|
|
- # Supported object detection evaluation protocols
-
- The Tensorflow Object Detection API currently supports three evaluation protocols,
- that can be configured in `EvalConfig` by setting `metrics_set` to the
- corresponding value.
-
- ## PASCAL VOC 2010 detection metric
-
- `EvalConfig.metrics_set='pascal_voc_detection_metrics'`
-
- The commonly used mAP metric for evaluating the quality of object detectors,
- computed according to the protocol of the PASCAL VOC Challenge 2010-2012. The
- protocol is available
- [here](http://host.robots.ox.ac.uk/pascal/VOC/voc2010/devkit_doc_08-May-2010.pdf).
-
- ## Weighted PASCAL VOC detection metric
-
- `EvalConfig.metrics_set='weighted_pascal_voc_detection_metrics'`
-
- The weighted PASCAL metric computes the mean average precision as the average
- precision when treating all classes as a single class. In comparison,
- PASCAL metrics computes the mean average precision as the mean of the
- per-class average precisions.
-
- For example, the test set consists of two classes, "cat" and "dog", and there
- are ten times more boxes of "cat" than those of "dog". According to PASCAL VOC
- 2010 metric, performance on each of the two classes would contribute equally
- towards the final mAP value, while for the Weighted PASCAL VOC metric the final
- mAP value will be influenced by frequency of each class.
-
- ## PASCAL VOC 2010 instance segmentation metric
-
- `EvalConfig.metrics_set='pascal_voc_instance_segmentation_metrics'`
-
- Similar to Pascal VOC 2010 detection metric, but computes the intersection over
- union based on the object masks instead of object boxes.
-
- ## Weighted PASCAL VOC instance segmentation metric
-
- `EvalConfig.metrics_set='weighted_pascal_voc_instance_segmentation_metrics'`
-
- Similar to the weighted pascal voc 2010 detection metric, but computes the
- intersection over union based on the object masks instead of object boxes.
-
-
- ## COCO detection metrics
-
- `EvalConfig.metrics_set='coco_detection_metrics'`
-
- The COCO metrics are the official detection metrics used to score the
- [COCO competition](http://cocodataset.org/) and are similar to Pascal VOC
- metrics but have a slightly different implementation and report additional
- statistics such as mAP at IOU thresholds of .5:.95, and precision/recall
- statistics for small, medium, and large objects.
- See the
- [pycocotools](https://github.com/cocodataset/cocoapi/tree/master/PythonAPI)

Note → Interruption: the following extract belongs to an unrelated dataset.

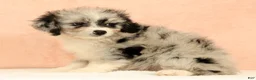 Mini Aussiedoodle dogs for sale: Macey - Ad 6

- repository for more details.
-
- ## COCO mask metrics
-
- `EvalConfig.metrics_set='coco_mask_metrics'`
-
- Similar to the COCO detection metrics, but computes the
- intersection over union based on the object masks instead of object boxes.
-
- ## Open Images V2 detection metric
-
- `EvalConfig.metrics_set='oid_V2_detection_metrics'`
-
- This metric is defined originally for evaluating detector performance on [Open
- Images V2 dataset](https://github.com/openimages/dataset) and is fairly similar
- to the PASCAL VOC 2010 metric mentioned above. It computes interpolated average
- precision (AP) for each class and averages it among all classes (mAP).
-
- The difference to the PASCAL VOC 2010 metric is the following: Open Images
- annotations contain `group-of` ground-truth boxes (see [Open Images data
- description](https://github.com/openimages/dataset#annotations-human-bboxcsv)),
- that are treated differently for the purpose of deciding whether detections are
- "true positives", "ignored", "false positives". Here we define these three
- cases:
-
- A detection is a "true positive" if there is a non-group-of ground-truth box,
- such that:
-
- * The detection box and the ground-truth box are of the same class, and
- intersection-over-union (IoU) between the detection box and the ground-truth
- box is greater than the IoU threshold (default value 0.5). \
- Illustration of handling non-group-of boxes: \
- ![alt
- groupof_case_eval](img/nongroupof_case_eval.png "illustration of handling non-group-of boxes: yellow box - ground truth bounding box; green box - true positive; red box - false positives.")
-
- * yellow box - ground-truth box;
- * green box - true positive;
- * red boxes - false positives.
-
- * This is the highest scoring detection for this ground truth box that
- satisfies the criteria above.
-
- A detection is "ignored" if it is not a true positive, and there is a `group-of`
- ground-truth box such that:
-
- * The detection box and the ground-truth box are of the same class, and the
- area of intersection between the detection box and the ground-truth box
- divided by the area of the detection is greater than 0.5. This is intended
- to measure whether the detection box is approximately inside the group-of
- ground-truth box. \
- Illustration of handling `group-of` boxes: \
- ![alt
- groupof_case_eval](img/groupof_case_eval.png "illustration of handling group-of boxes: yellow box - ground truth bounding box; grey boxes - two detections of cars, that are ignored; red box - false positive.")
-
- * yellow box - ground-truth box;
- * grey boxes - two detections on cars, that are ignored;
- * red box - false positive.
-
- A detection is a "false positive" if it is neither a "true positive" nor
- "ignored".
-
- Precision and recall are defined as:
-
- * Precision = number-of-true-positives/(number-of-true-positives + number-of-false-positives)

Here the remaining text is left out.